US officials on Monday confirmed the arrest of a dozen Americans in Yemen. Last week Yemeni officials reported the arrests of foreigners as part of a Yemeni roundup of individuals suspected of taking part in a surge of Al Qaeda planning and organizational activity in the desert country over recent months.

IN PICTURES: American Jihadis

Those arrests, which come as the US provides Yemen with millions of dollars in counterterrorist assistance, follow the indictment June 3 of a Texas man the FBI believes was trying to deliver money and materials to the Yemen-based Al Qaeda in the Arabian Peninsula (AQAP).

The FBI says the Texas man, Barry Bujol Jr., had been under investigation since 2008, over which time he had communicated by e-mail with the American-born radical Muslim cleric Anwar al-Awlaki seeking advice on how to contribute to “jihad.”

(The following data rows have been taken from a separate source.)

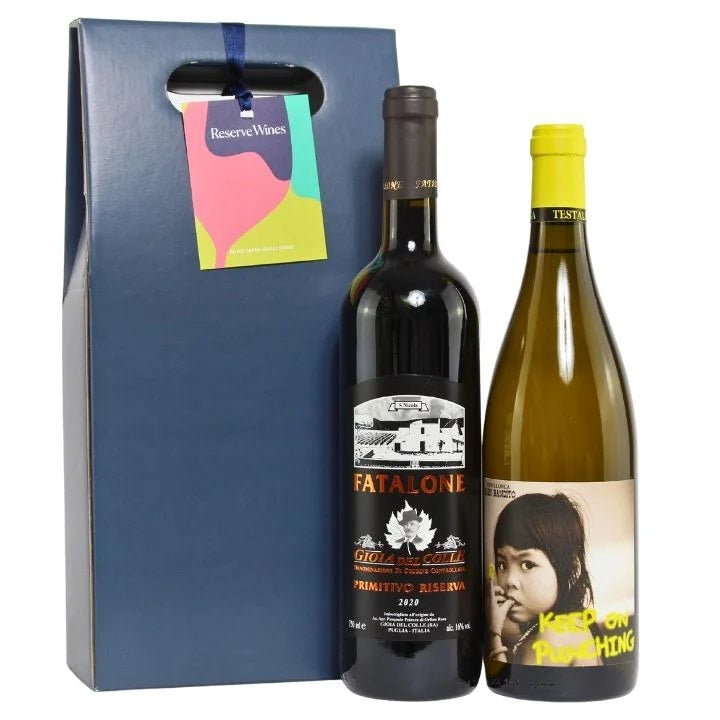 NaturalWineDuoGiftPack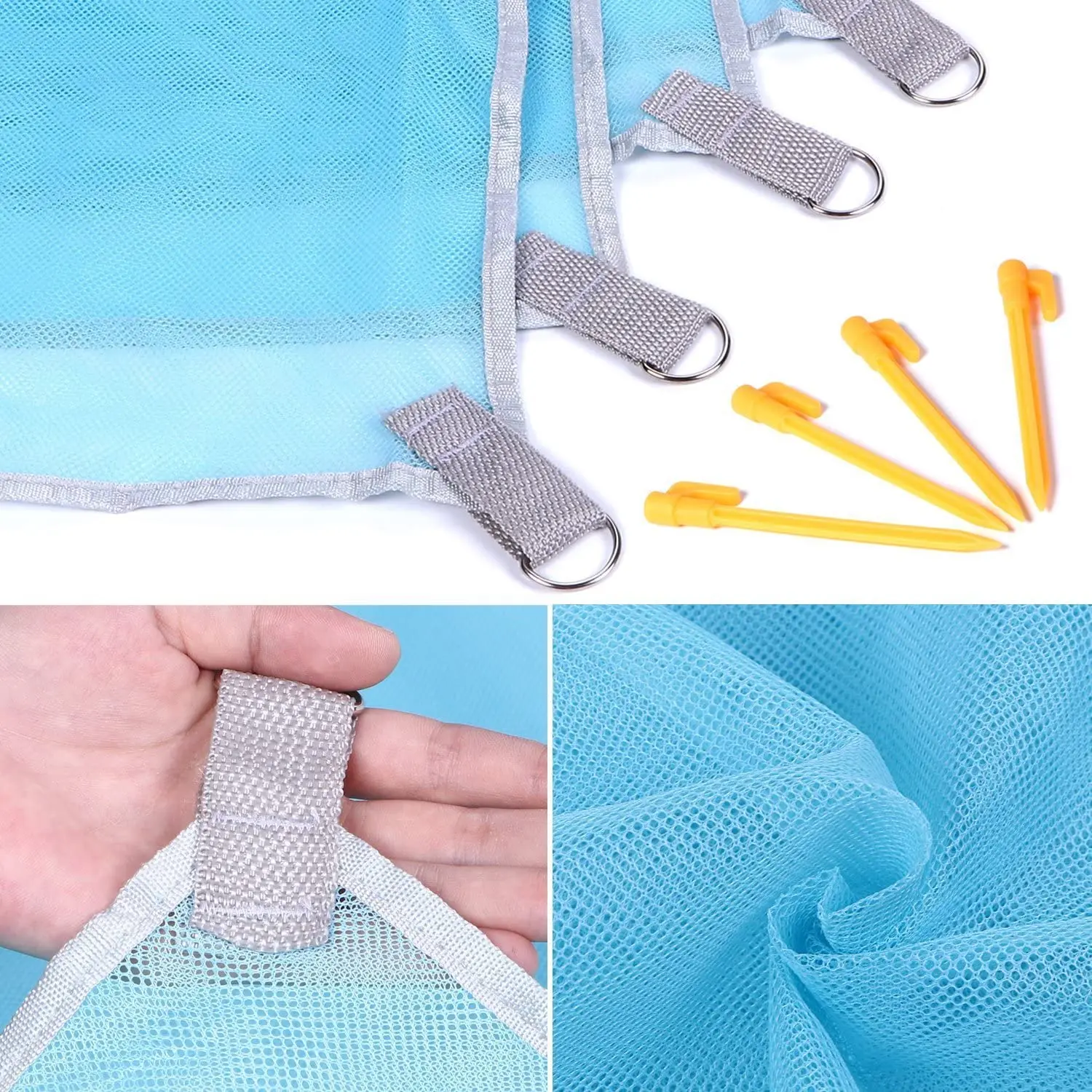 Пляжный коврик для кемпинга одеяло с защитой от песка пыли и грязи быстро сохнет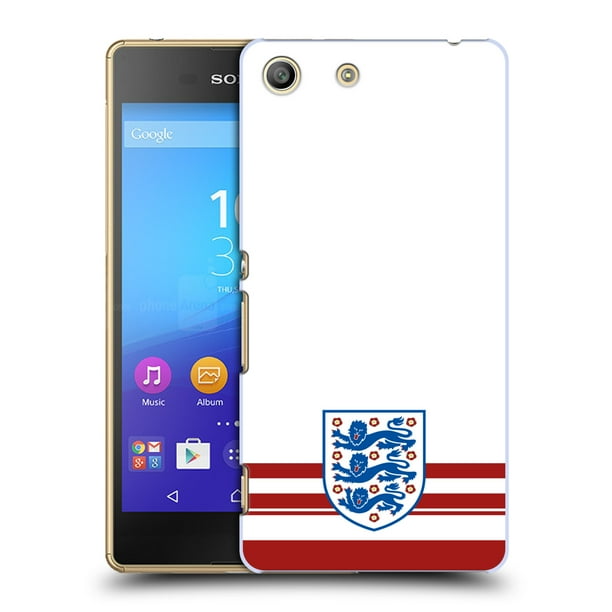 OFFICIAL ENGLAND FOOTBALL TEAM 2018 CREST HARD BACK CASE ...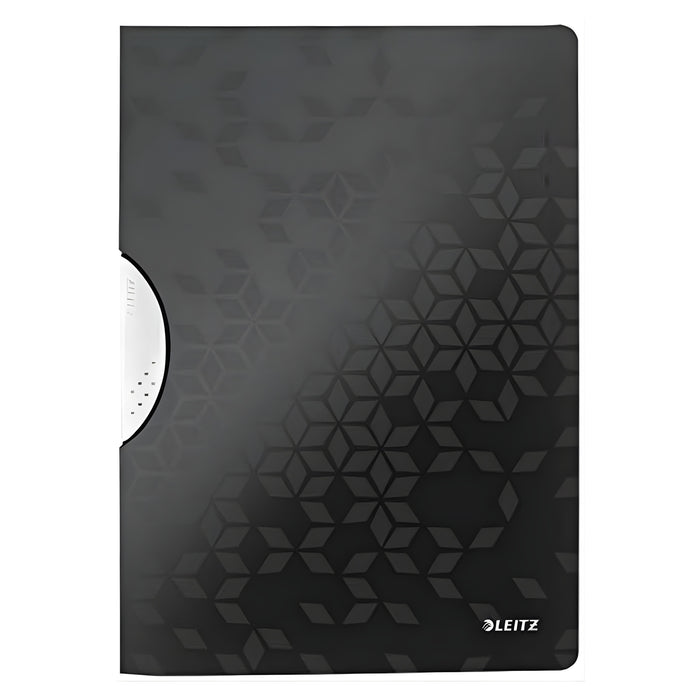 Leitz WOW A4 PP Colour Clip File
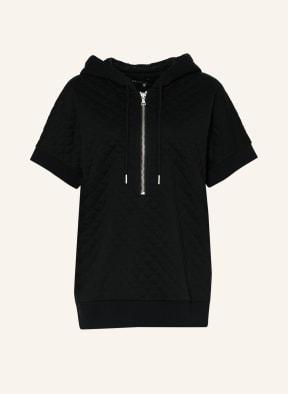 MARC AUREL Hoodie, Farbe: SCHWARZ (Bild 1)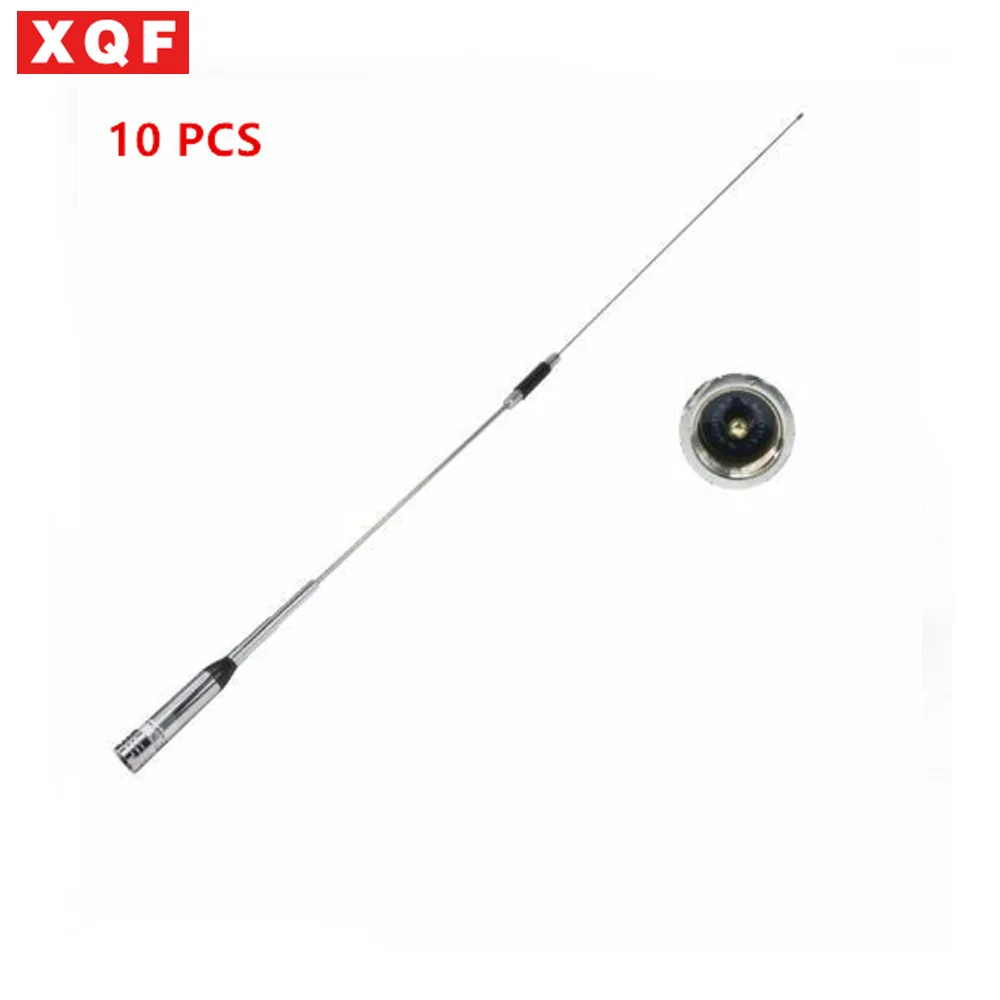 XQF 10 PCS New NAGOYA NL-770R DUAL BAND Antenna for FT-8800R FT-2800M With Free Shipping
XQF 10 PCS New NAGOYA NL-770R DUAL BAND Antenna for FT-8800R FT-2800M With Free Shipping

Mr. Bujol, who was arrested May 30 as he boarded a ship in a Texas port, is accused of seeking to deliver money and devices including GPSs and cell phone chips to AQAP – the same organization that claimed a role in the attempted Christmas Day bombing of a Detroit-bound airliner.

On Saturday, two New Jersey men were arrested at Kennedy International Airport in New York as they sought to board a flight to Egypt on their way to Somalia. Federal authorities said the men, under investigation since 2006, hoped to join Al Shabab, the Somalian extremist group aligned with Al Qaeda.

At the State Department Monday, spokesman Philip Crowley refused to discuss specifics of the arrests in Yemen of American citizens, confirmed last week by Yemeni security forces. But Mr. Crowley used the topic of what he said were 12 arrested Americans to praise US-Yemeni cooperation in the counterterrorism field.